### EXERCISE BRIEF
Images are not part of the copy; write out the rest of the data exactly as given.

### COLLECTED MATERIAL
________________________________________

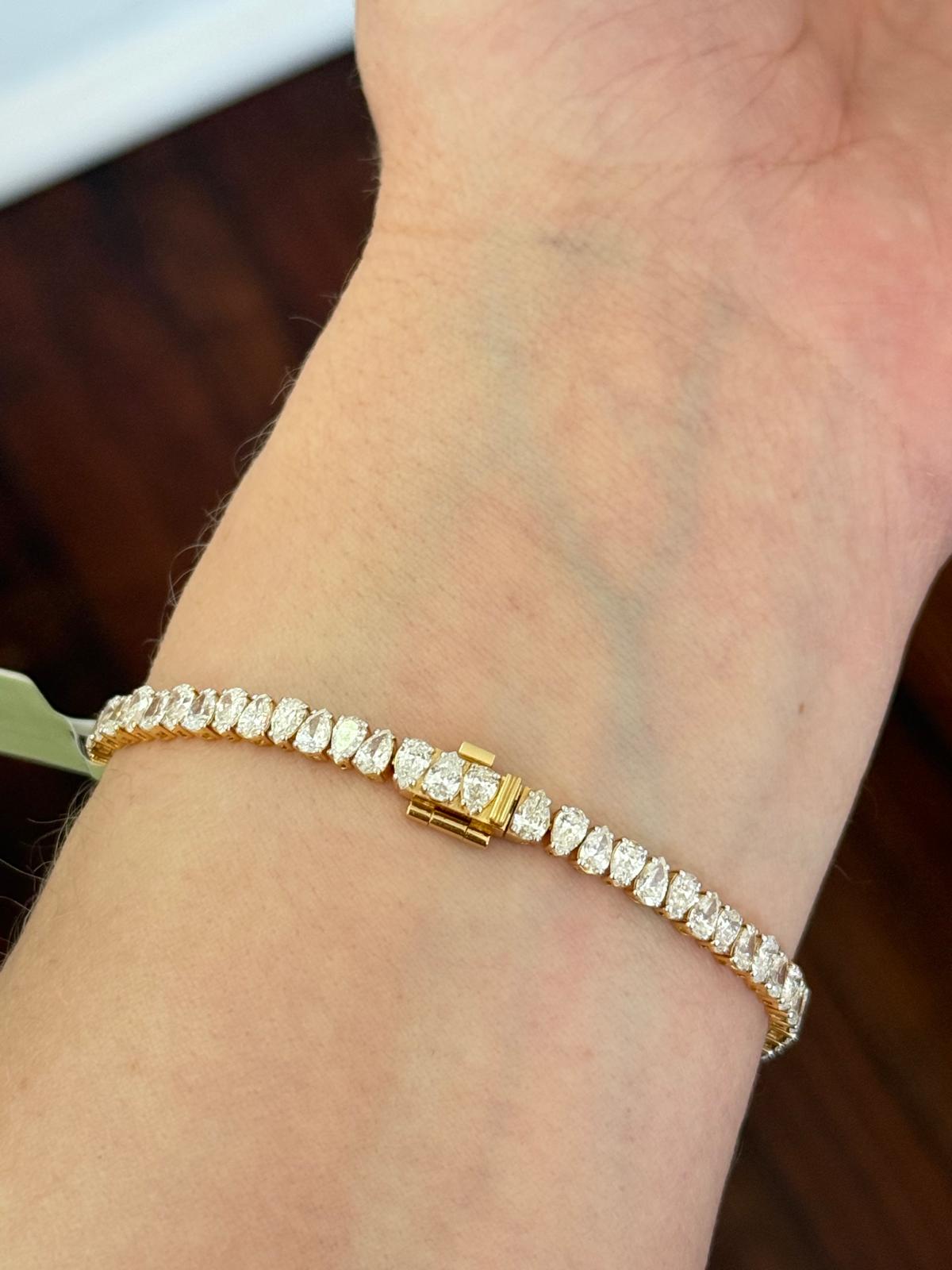 Yellow Gold 7.15ct Pear Shape Lab Diamond 7" Bracelet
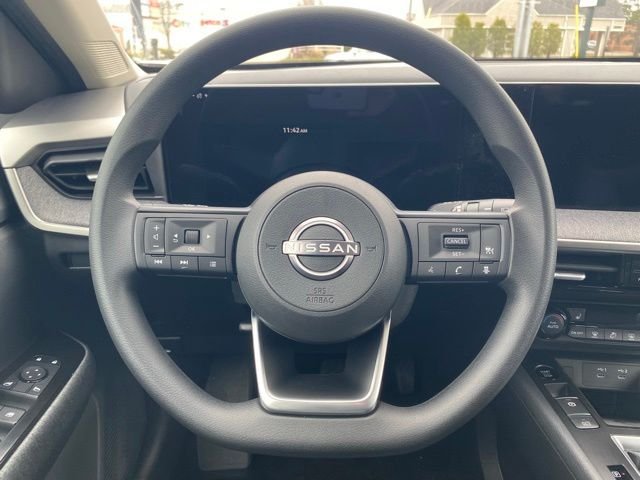 New 2026 Aspen White TriCoat / Super Black Two-tone Nissan SV image 26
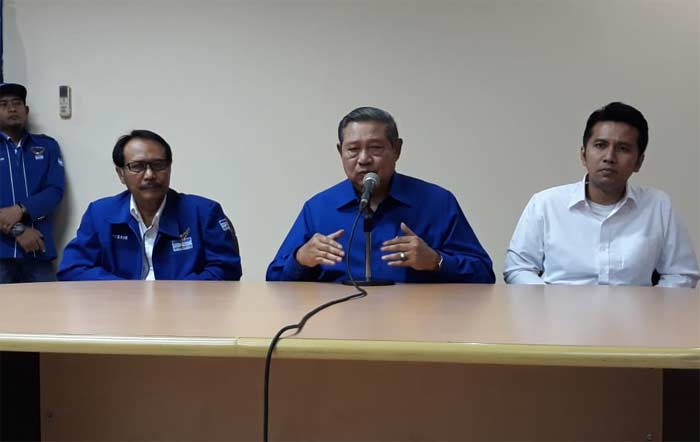Ketua Umum DPP Partai Demokrat, Susilo Bambang Yudhoyono (SBY) memberikan pernyataan sikap terkait Pilkada usai Apel Siaga Kader Partai Demokrat se-Jatim di Asrama Haji, Kota Madiun. foto: ist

________________________________________

### ANSWER TO THIS PROBLEM
 Yellow Gold 7.15ct Pear Shape Lab Diamond 7" Bracelet
 New 2026 Aspen White TriCoat / Super Black Two-tone Nissan SV image 26
Ketua Umum DPP Partai Demokrat, Susilo Bambang Yudhoyono (SBY) memberikan pernyataan sikap terkait Pilkada usai Apel Siaga Kader Partai Demokrat se-Jatim di Asrama Haji, Kota Madiun. foto: ist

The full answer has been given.